* [EXERCISE MATERIALS]
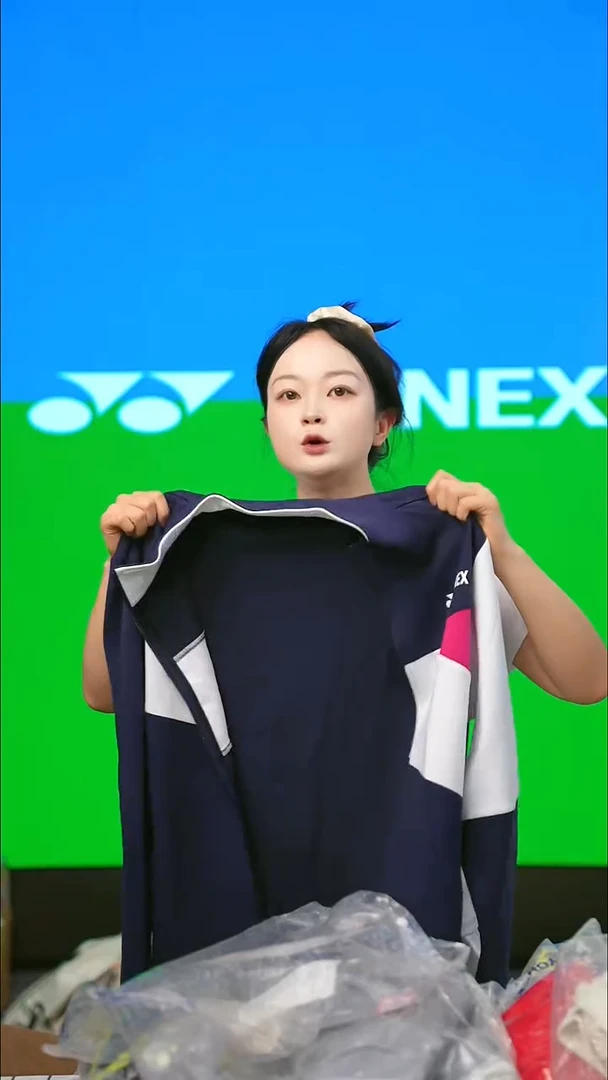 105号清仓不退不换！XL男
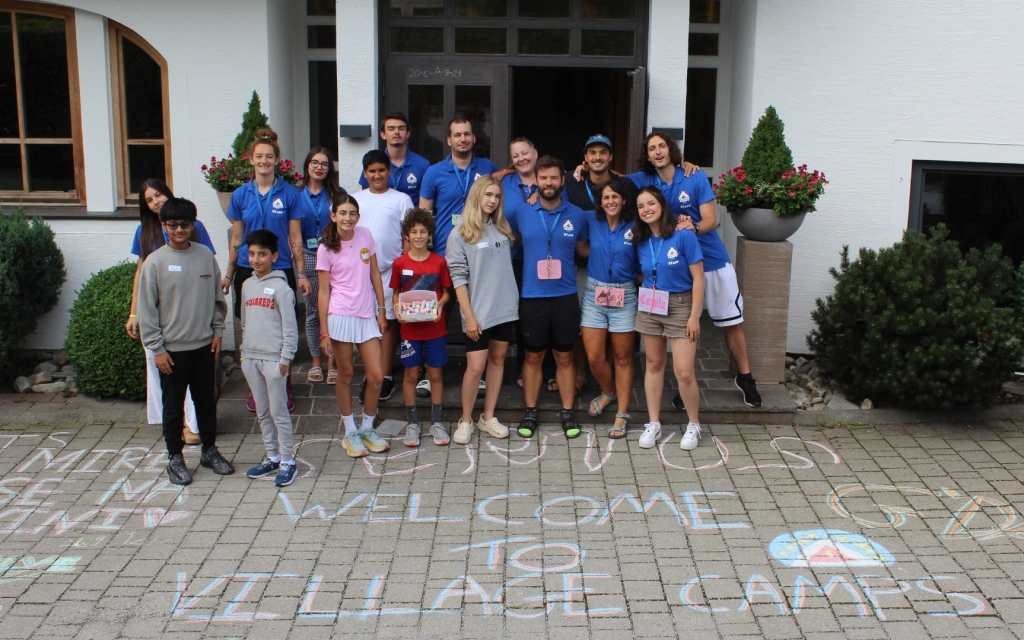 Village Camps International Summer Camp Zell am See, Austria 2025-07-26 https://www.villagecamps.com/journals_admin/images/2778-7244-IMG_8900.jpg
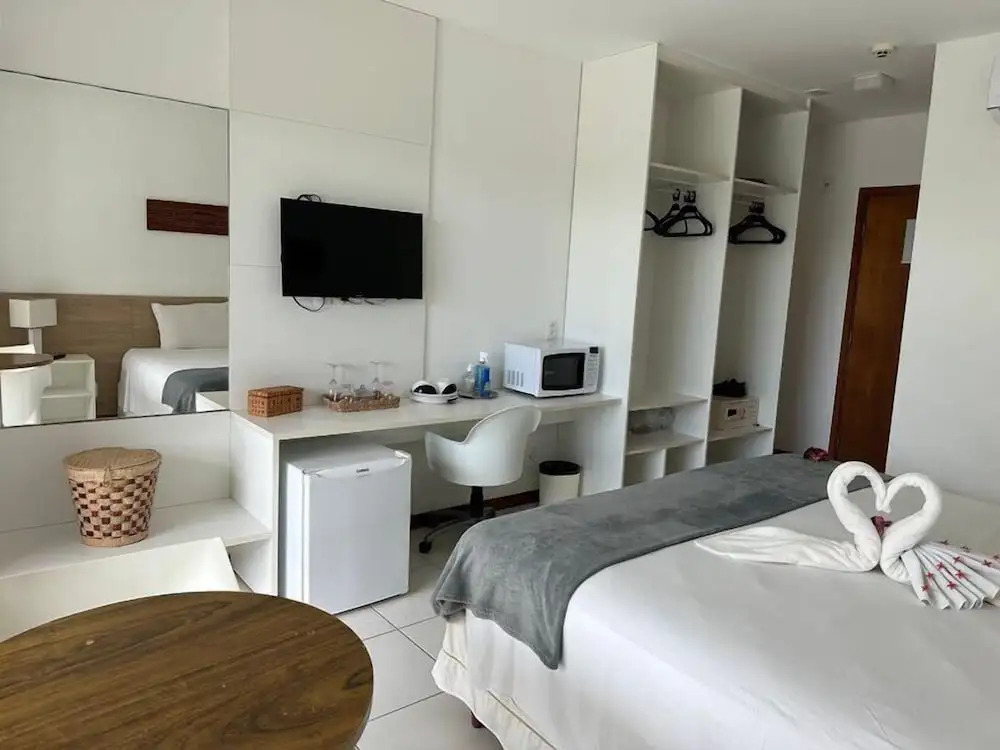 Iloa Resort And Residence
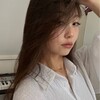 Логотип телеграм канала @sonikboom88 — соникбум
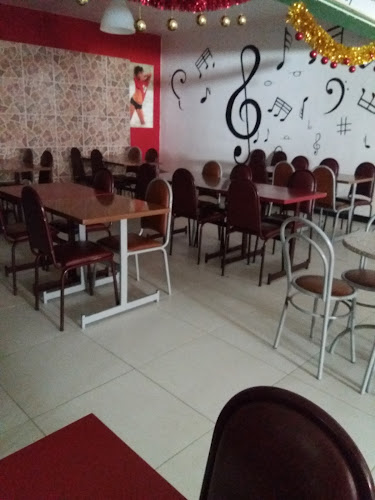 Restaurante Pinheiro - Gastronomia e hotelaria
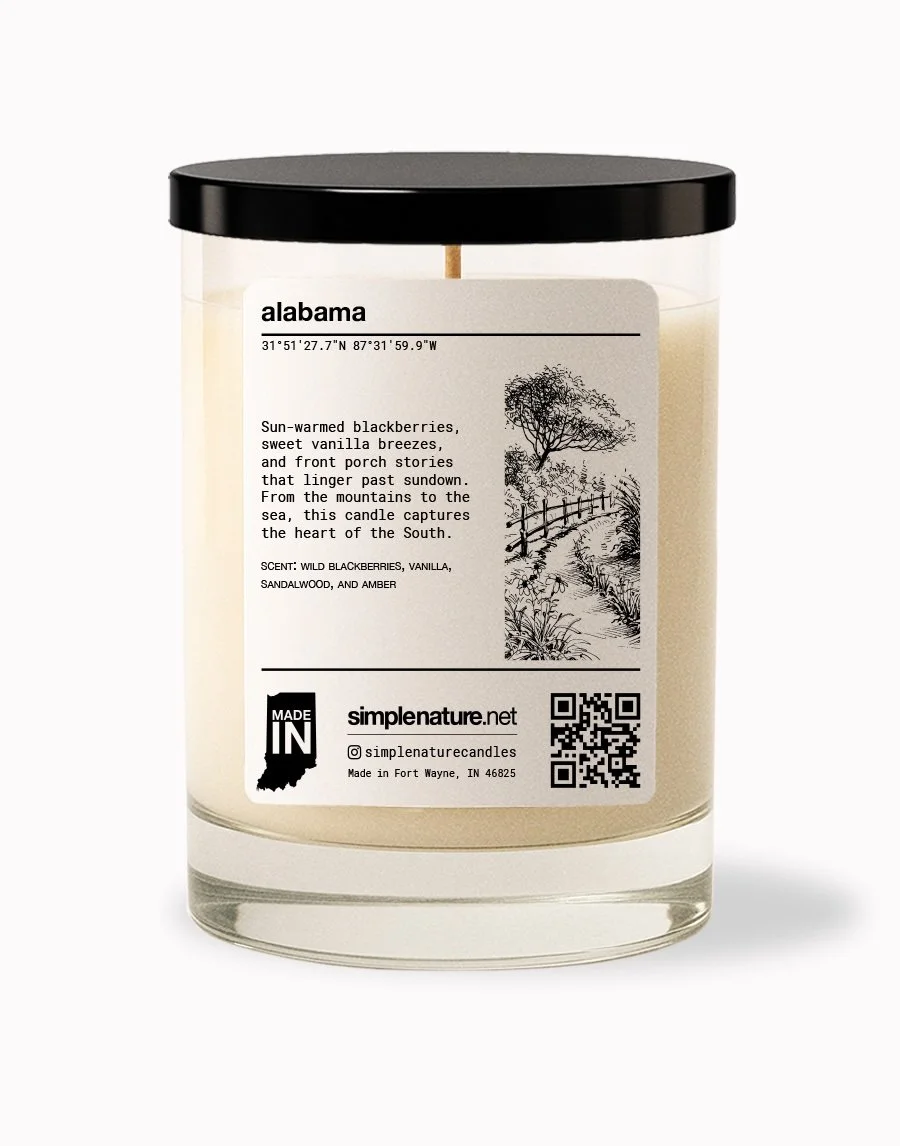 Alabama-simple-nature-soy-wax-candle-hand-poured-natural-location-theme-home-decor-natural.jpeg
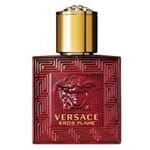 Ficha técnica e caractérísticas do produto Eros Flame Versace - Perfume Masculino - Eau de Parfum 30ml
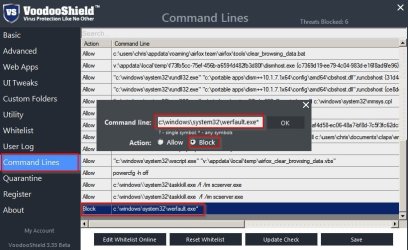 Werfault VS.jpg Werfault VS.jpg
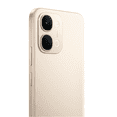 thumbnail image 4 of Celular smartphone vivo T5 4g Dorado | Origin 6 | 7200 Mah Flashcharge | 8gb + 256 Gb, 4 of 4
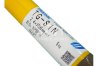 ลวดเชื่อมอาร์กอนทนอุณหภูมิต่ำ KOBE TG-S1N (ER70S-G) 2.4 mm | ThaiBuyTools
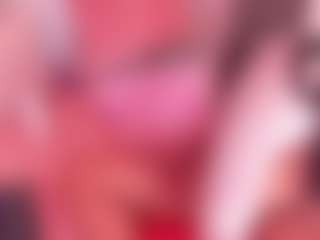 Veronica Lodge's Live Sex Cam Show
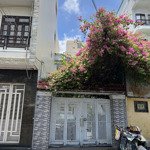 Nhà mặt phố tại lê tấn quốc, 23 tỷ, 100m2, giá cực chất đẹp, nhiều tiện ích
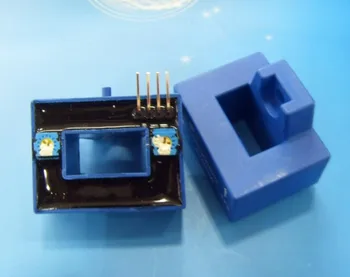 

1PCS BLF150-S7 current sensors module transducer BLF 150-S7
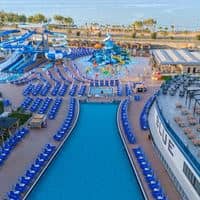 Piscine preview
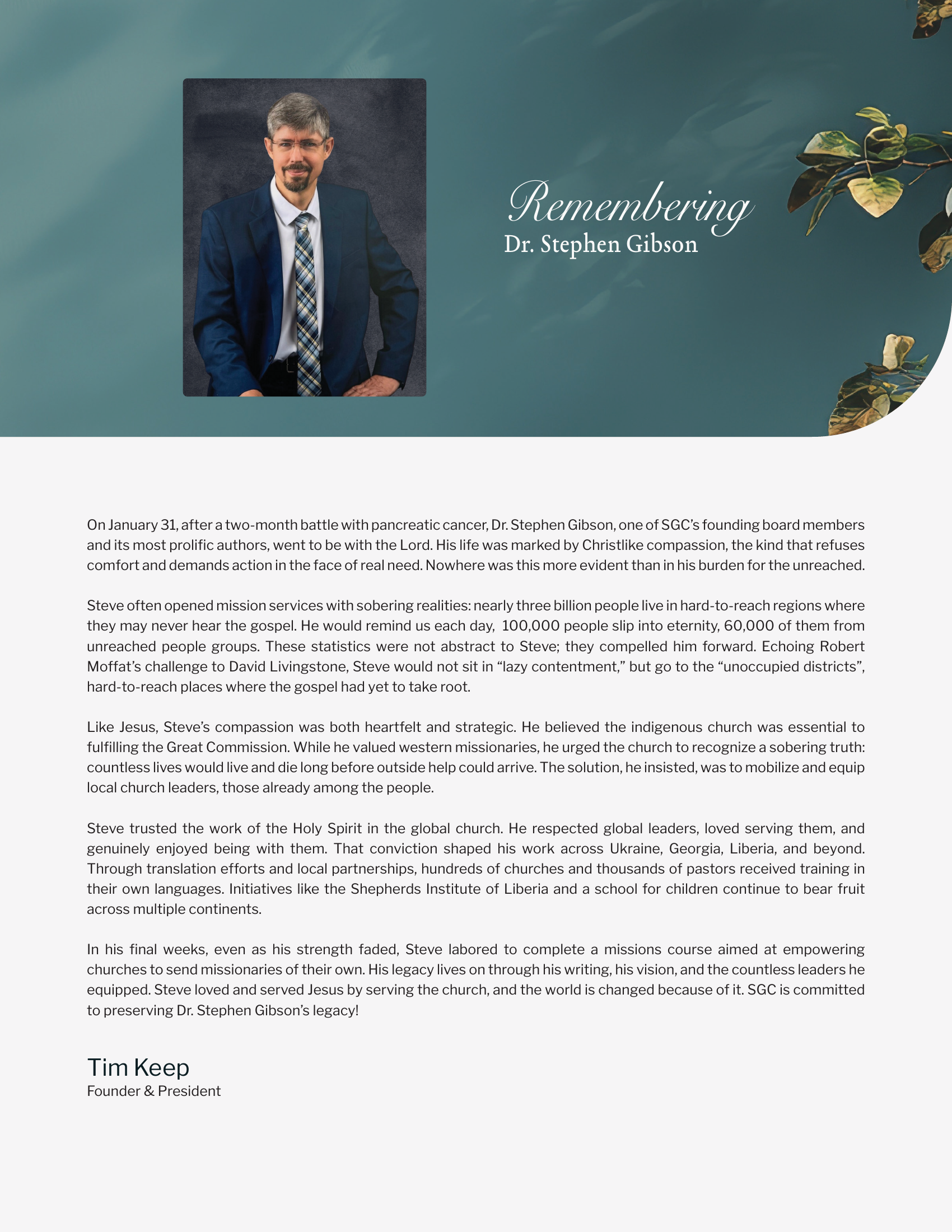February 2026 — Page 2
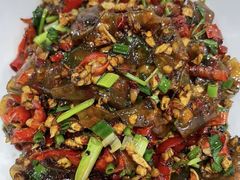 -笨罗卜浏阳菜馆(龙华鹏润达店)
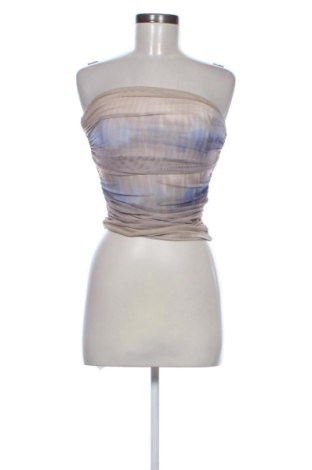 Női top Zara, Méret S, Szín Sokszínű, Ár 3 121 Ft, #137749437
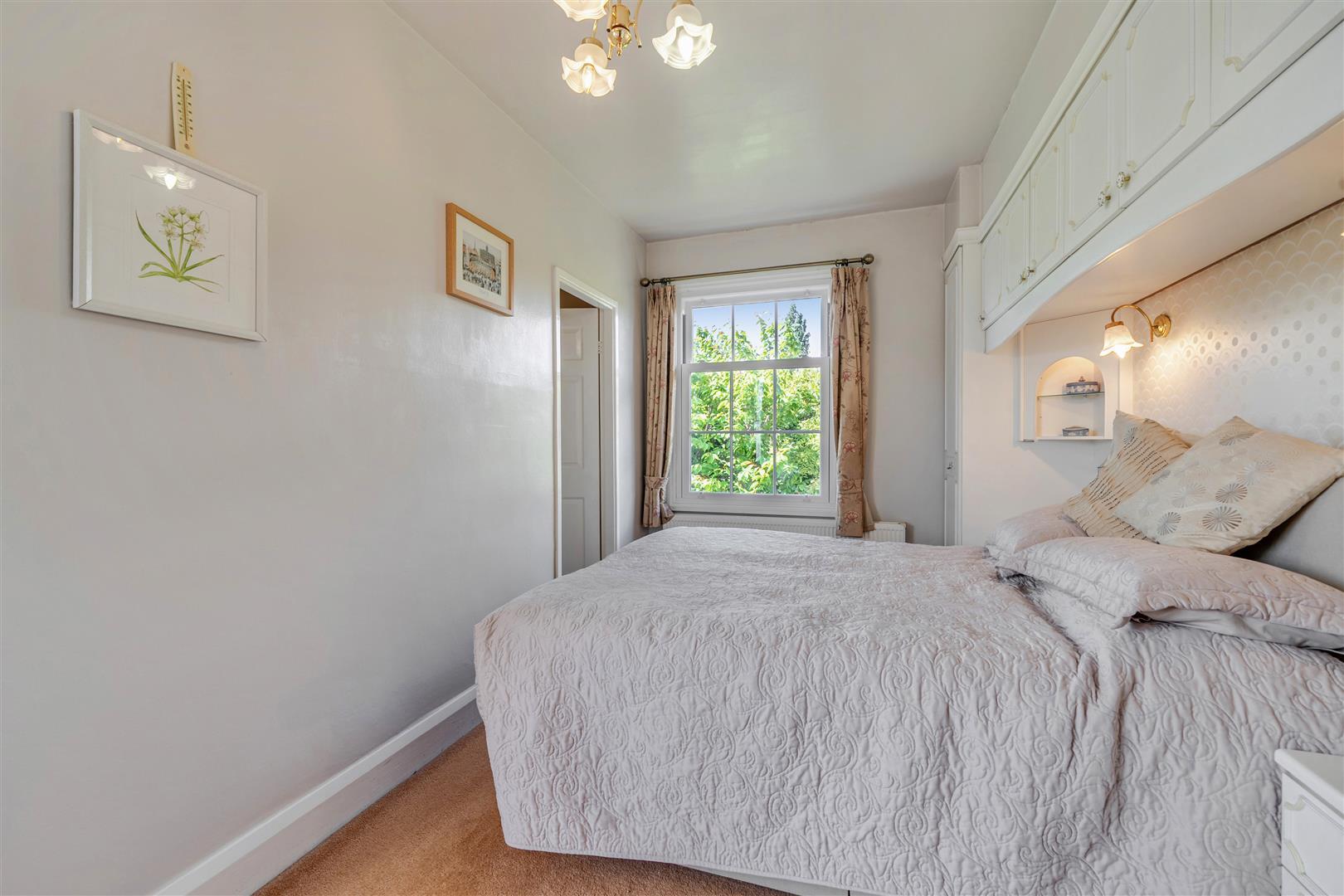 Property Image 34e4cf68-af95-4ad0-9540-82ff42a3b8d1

* [TO DO] Output only the lines from the line that contains "Veronica Lodge's Live Sex Cam Show" through the end of the material, both ends included, and skip every picture.

* [TASK RESPONSE]
 Veronica Lodge's Live Sex Cam Show
 Nhà mặt phố tại lê tấn quốc, 23 tỷ, 100m2, giá cực chất đẹp, nhiều tiện ích

1PCS BLF150-S7 current sensors module transducer BLF 150-S7
 Piscine preview
February 2026 — Page 2
 -笨罗卜浏阳菜馆(龙华鹏润达店)
 Női top Zara, Méret S, Szín Sokszínű, Ár 3 121 Ft, #137749437
 Property Image 34e4cf68-af95-4ad0-9540-82ff42a3b8d1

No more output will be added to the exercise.